My guess: it is that those who KNOW the subject realize that LLMs suck at it, and those who do not, do not realize it, since their output is plausible, and sometimes even works.

This actually plays out across every field and is well documented. An expert can recognize the hallucinations and bullshit coming out of LLMs, while non-experts see plausible output and do not know enough to know it is BS.

I feel like they would be very specific if it was no.1.
> OpenAI genuinely have AI technologies that can improve chip design (bold, unlikely claim, needs evidence)

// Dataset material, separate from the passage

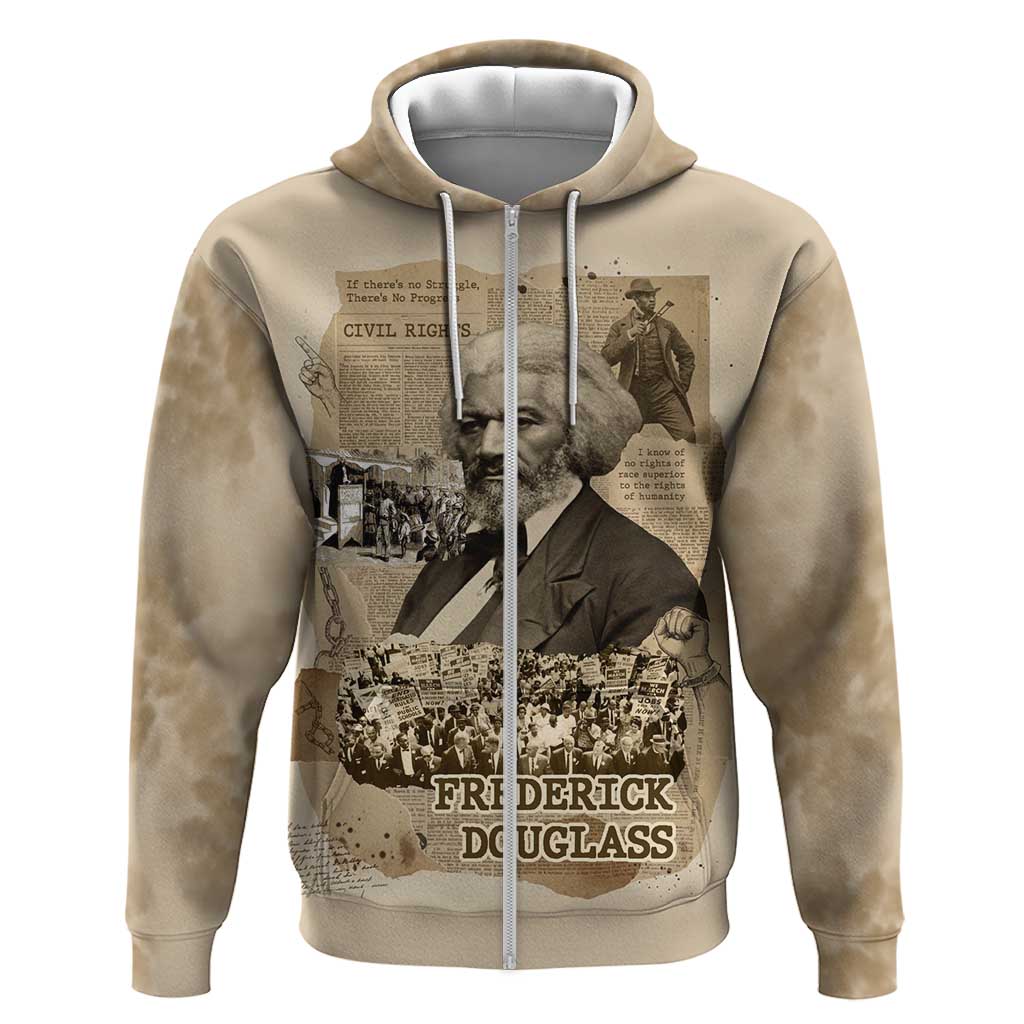 Frederick Douglass Hoodie Sepia Newspaper Collage Civil Rights March Historic Quote Design - Wonder Print Shop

Why is that a bold and unlikely claim?

Are you saying that AI, which has been proven to cure diseases, solve our hardest math problems, write complex computer code and generate entire generated worlds and HD video from a simple prompt would somehow be like, my bad, I guess I can't design chips?

> solve our hardest math problems

We're not quite there yet :)

https://en.wikipedia.org/wiki/List_of_unsolved_problems_in_m...

> Why is that a bold and unlikely claim?

Because they could have offered even slightly more evidence.

Because then they'd likely have stfu and outperformed Intel, Nvidia and AMD, or at least one of them.

They're burning more cash than pretty much anyone else and doesn't have anything public that looks like a matching revenue stream so they probably need one very badly.

Perhaps they used gpt 5.5 mini to draft emails. Create a coffee schedule.